I first listened to a Model One back when its designer, Henry Kloss, was still building them. He was a giant in the audio industry and developed the AR1 acoustic suspension speaker that revolutionised speaker design by making small speakers sound like big speakers. His Model One made radio sounded good and given it cost half as much as a Wave Radio, about the only other good sounding radio at the time, some reviewers dubbed it the ‘Bose Killer’. Um, it didn’t sound that good, but it helped grow demand for quality radios as people realised that radio, even AM, didn’t have to sound crook. Kloss died in 2002 after mentoring a lot of the current movers and shakers in audio.
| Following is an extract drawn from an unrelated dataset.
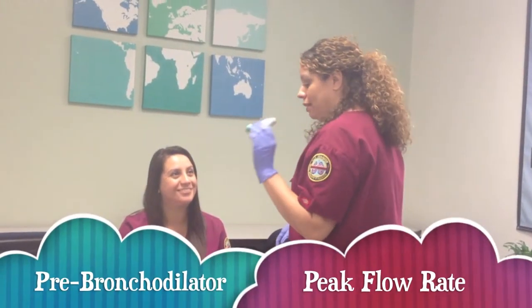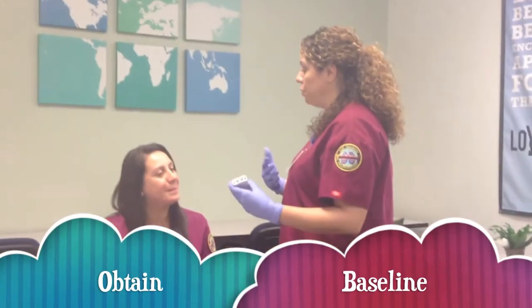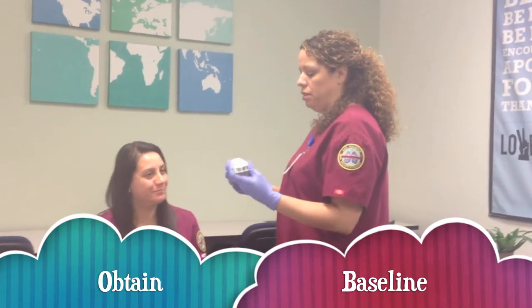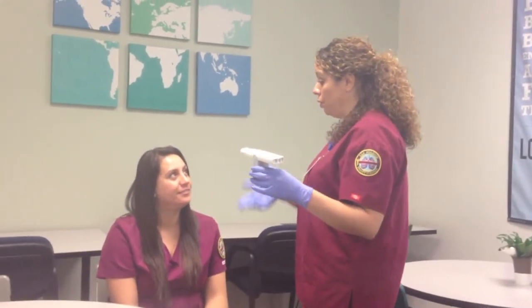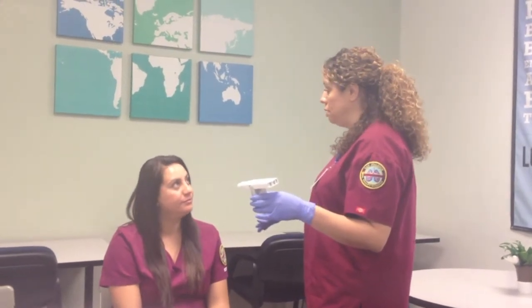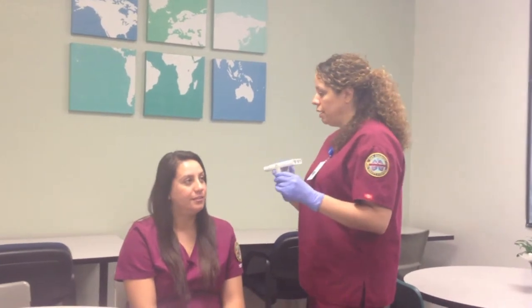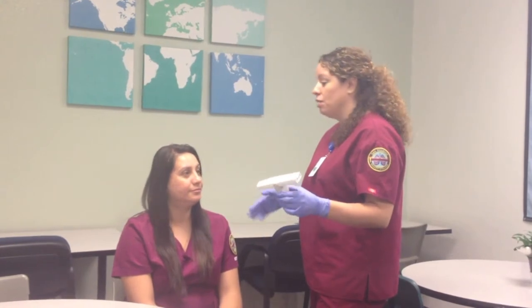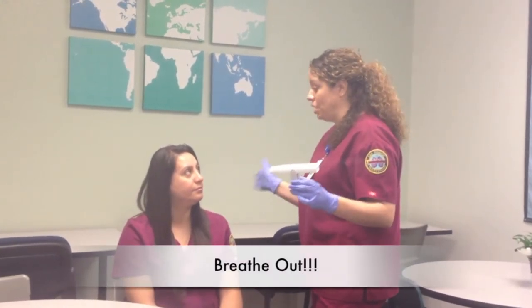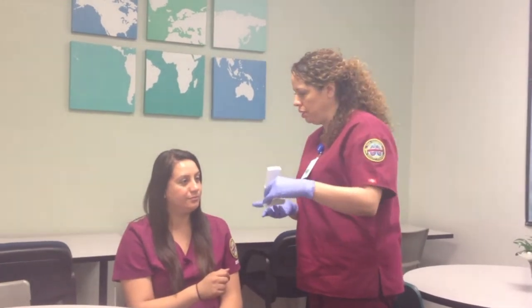Now I want to talk to you about this peak flow meter. What it does is it helps to measure how forcefully you can breathe out. We're going to use it before your inhaler and then after, and hopefully we'll see some improvement. So how this works is you're going to make a nice tight seal, breathe in, and then breathe out as hard as you can. And when you think you can't breathe anymore, I want you to keep going. Do you have any questions before we get started? No.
That original Model One (still available with AM and FM only) didn’t just sound good, it was also exquisitely tactile with a five-to-one geared tuning dial that was lovely to use, as well as giving highly accurate station placement. It’s a shame this has been lost with the Model One Digital; digitals don’t need a tuning dial. But AM and FM do and so you spin the big dial directly until the desired frequency comes along. In digital mode the dial is used to scroll through listed stations. It’s accurate and feels nice to use but it’s not as nice as the original.
The sound quality is, as a very honest department store salesman observed, good but not great. I remember the original as being better. The bass can become ragged down low and the definition gets a bit fuzzy at high volumes, but for filling a study, a kitchen or indeed a caravan with good music the Tivoli does an entirely respectable job. It’s not on a par with a Wave Radio but it costs half as much and sounds better than the vast bulk of radios, be they digital or analogue. And it has AM.
It also has Spotify, Tidal, Deezer and Wi-Fi to get internet radio. There’s Bluetooth and you can hook in your phone or music player with a cable to the 3.5 mm auxiliary input.